埋設農薬(POPs)の調査・分析
日本環境では「埋設農薬調査・掘削等暫定的マニュアル 改定版」に基づく埋設農薬の調査・分析をおこなっています。
我が国では、昭和40年代に使用規制が強化された有機塩素系殺虫剤のBHC、DDT、アルドリン、ディルドリン、エンドリン等の使用残農薬について、農林水産省の指導・支援の下に埋設処分がおこなわれており、コンクリート槽等に封じ込めて埋設されてきました。しかしながら、残留性有機汚染物質(以下、「POPs」という。)の適正な管理・処分を求める「残留性有機汚染物質に関するストックホルム条約」(以下、「ストックホルム条約」という。)の発効(平成16年5月)や、農林水産省による「埋設農薬最終処理事業」(平成16年度から5年間の予定)の開始等により、過去の埋設農薬について積極的な調査・掘削・処理がおこなわれています。これらの農薬については、掘り出して処分する際にはストックホルム条約に基き、POPs廃棄物として適正に処分することが求められています。

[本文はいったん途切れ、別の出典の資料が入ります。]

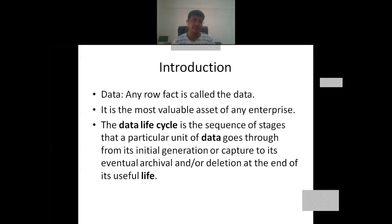Now we move toward the introduction. Data, as you know, any raw fact is called the data, and it is the most valuable asset of any enterprise. Quality data of an enterprise is very much useful for that enterprise to generate useful information as well as to generate useful knowledge.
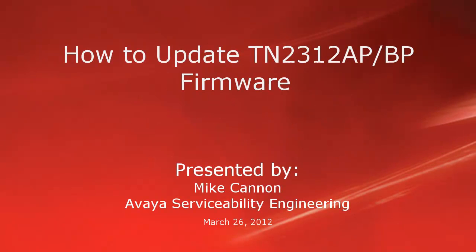Hello folks, Mike Cannon, part of the Avaya Serviceability Engineering Group. Today we're going to do a short video on how to update the TN2312 AP or BP firmware.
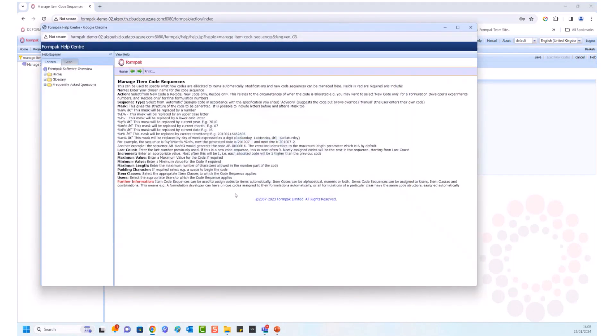You can set it up for specific users or all users, and choose new code and recode. You can set it to automatic so it automatically generates an item code, or set it to manual. There's also a mask option — the help button explains the structure of how the mask is set up. There's also a support article on managing item code sequences. We'll set it to automatic and click Save.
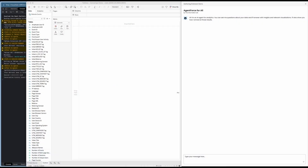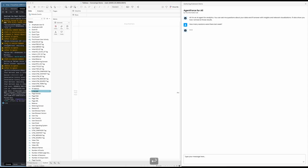So here we are in Tableau Desktop. I have a Tableau workbook connected to a Tableau Semantics model, which is being fed data live from Amplitude via Snowflake. On the right, I have my extension that I built for this hackathon, presenting Agentforce in my 'Agentforce for All' extension. Just to prove this is working code and not screenshots or animation, I've got the console running on the left so you can see communication happening with the Agentforce API.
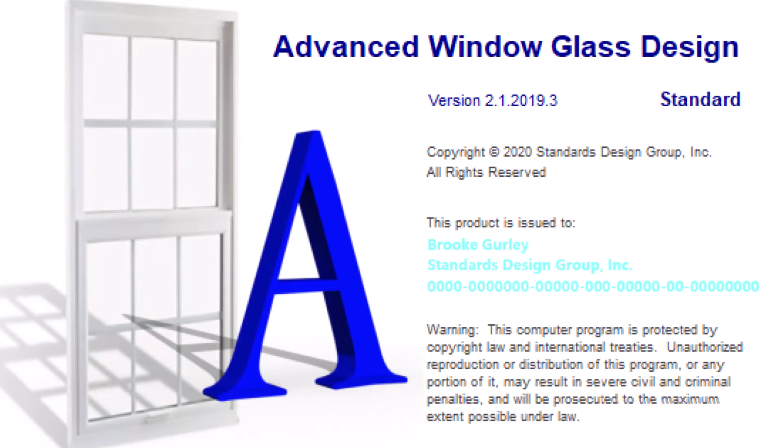Standards Design Group Inc. introduces its newest software package, Advanced Window Glass Design.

ストックホルム条約の対象物質のうち、DDT等の6物質は過去に国内で農薬としての登録実績がありますが、20~30年前に使用規制が強化されており現在では使用・販売が禁止されています。
■残留性有機汚染物質に関するストックホルム条約(平成13年採択、平成16年発効)
POPsの製造・使用を原則禁止し、在庫(ストックパイル)の適正な管理、廃棄物の適正な処分を各国に求める条約
○ストックホルム条約の対象物質
・製造・使用の原則禁止
- アルドリン
- クロルデン
- ディルドリン
- エンドリン
- ヘプタクロル
- ヘキサクロロベンゼン
- マイレックス
- トキサフェン
- PCB
・原則制限
- DDT
・非意図的生成物の排出削減
- ダイオキシン類
- ジベンゾフラン
- ヘキサクロロベンゼン
- PCB
条約採択当時は、有機塩素系殺虫剤の無害化処理技術が確立しておらず、環境への影響等も十分に確認されていなかったため、当面の措置として埋設農薬による汚染等の調査、掘削、保管に関する作業手順や留意事項が「埋設農薬調査・掘削等暫定的マニュアル」として示されました。
その後、無害化処理技術の向上と、上記のストックホルム条約の発効、農林水産省による「埋設農薬最終処理事業」の開始、環境省による「POPs廃農薬の処理に関する技術的留意事項」(平成16年10月)の発出等により、埋設農薬の適正な処理をおこなう環境が整ってきたことから、平成17年3月に環境省から「埋設農薬調査・掘削等暫定的マニュアル 改定版」が示されました。
日本環境では高度な技術と豊富な経験で埋設農薬(POPs)の調査・分析をおこなっています。